What are the words of the day at the FCC’s headquarters? President Reagan’s famous maxim: “trust but verify.” So goes the Commission’s approach towards whipping-boy Comcast, who – despite Comcast’s own inroads towards a path of redemption – still appears to be not good enough in FCC Chairman Martin’s narrowed eyes.
Quick note: that Reagan quote is the FCC’s words (PDF), not mine.
Now, the FCC wants specific details on Comcast’s stated “compliance plan,” right down to the nitty-gritty: specifically requested are the “precise contours” of the “network management practices at issue” – read: data discrimination – including names, dates, and the thresholds set on all of the various network equipment it used, as well as a specific list protocols it affected.
This order comes hot off the heels of the FCC’s August 1 announcement, in which Martin & Co. shot Comcast with frowny glances and a wagging finger. It demanded, on threat of “interim injunctive relief,” specific details on Comcast’s network management practices, as well as the aforementioned “compliance plan” with specific details on data discrimination’s successor. While I initially wrote that Comcast’s August 20 announcement appears to have satisfied the FCC’s demands, I now know that I was wrong: Comcast left out a number of important details – things like the specific thresholds necessary to trigger bandwidth throttling – that the FCC immediately pointed out.

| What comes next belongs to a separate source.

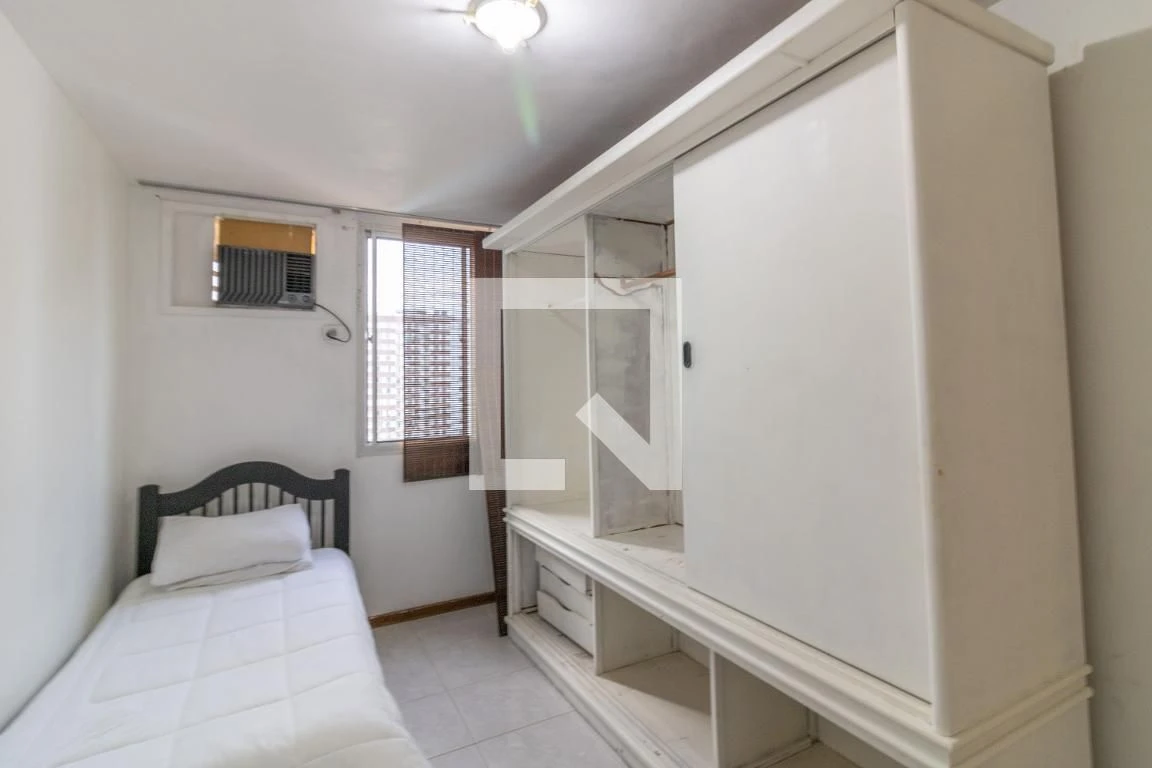 Apartamento mobiliado com 2 quartos e varanda — photo 37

(Indeed, judging by the timing of both the FCC’s and Comcast’s announcements – they both released on the same day – I consider it possible that one announcement was written without knowledge of the other.)
With Comcast’s new plan of throttling individual bandwidth hogs and its reported consideration of everywhere-else-but-the-USA style bandwidth caps, however, I can’t help but wonder if we’re heading down collision course of sorts: on one side, there are a number of content providers pushing Video-on-Demand via the World Wide Web – like Microsoft's Xbox 360 and its just-announced Netflix integration, for instance, or Hulu, or Joost. On the other side, we have ISPs testing metered bandwidth caps with abhorrently low allowances, like 5 or 20 gigabytes a month.

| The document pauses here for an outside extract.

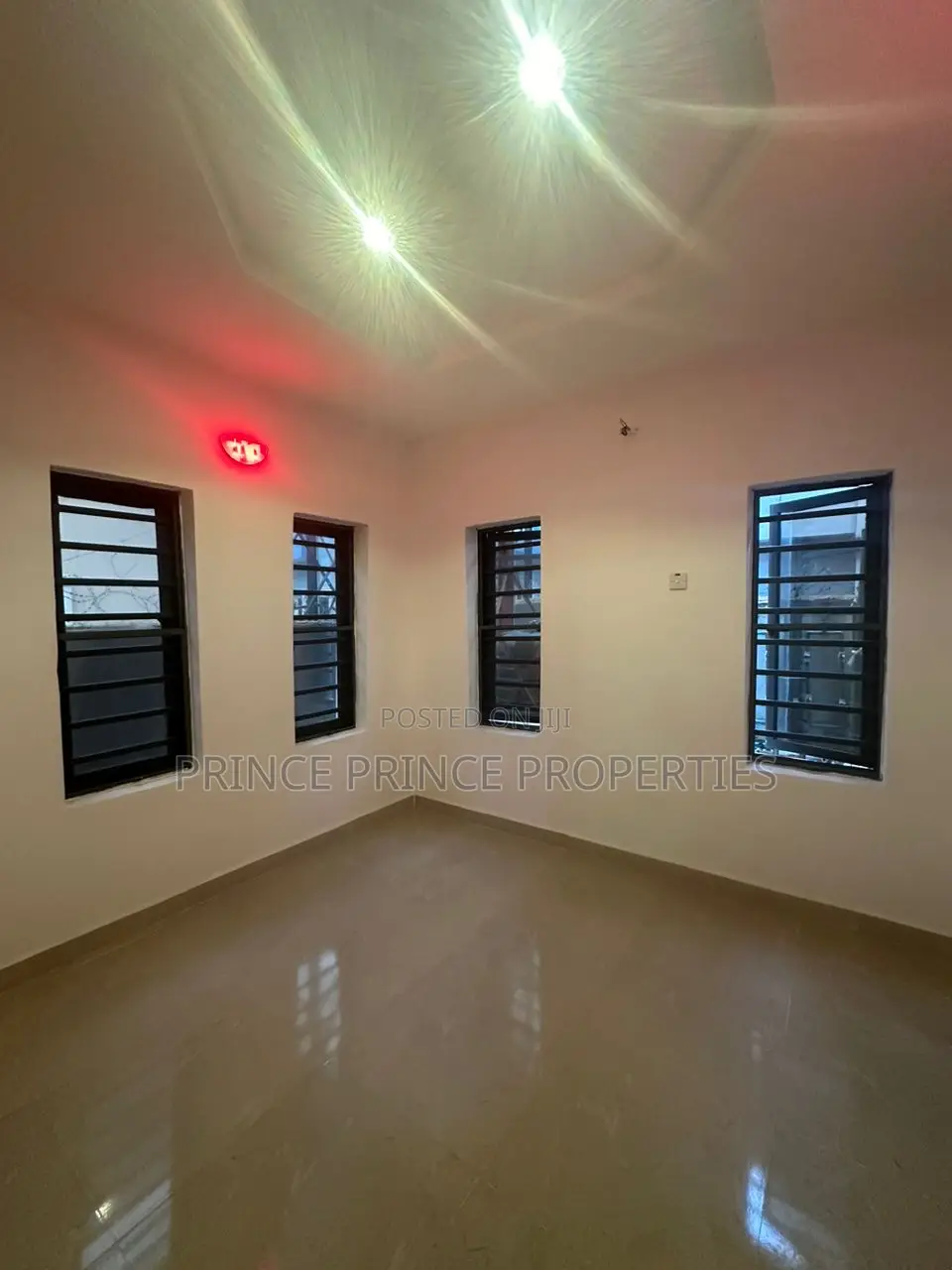 Furnished 2bdrm Block of Flats in Surulere for rent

If both of those paths follow their course, I predict we’re going to have a big problem just as soon as WWW-based VOD hits critical mass: Johnny Gamer is going to use his Xbox 360 to happily burn through his entire Netflix queue on some large, long-running show like 24 or Stargate SG-1 – throw in a couple of movies for kicks – and he’ll open his mailbox to discover a truly massive bandwidth bill. The issue will blow up as soon as it’s featured on The Consumerist, and pretty soon we’ll have the FCC writing another set of nasty letters, this time about ISPs’ attempts to monopolize their TV businesses via discriminatory bandwidth allotments. (A similar battle already played out between telco/ISP hybrids and VOIP providers, although in at least one case it ended on a positive note.)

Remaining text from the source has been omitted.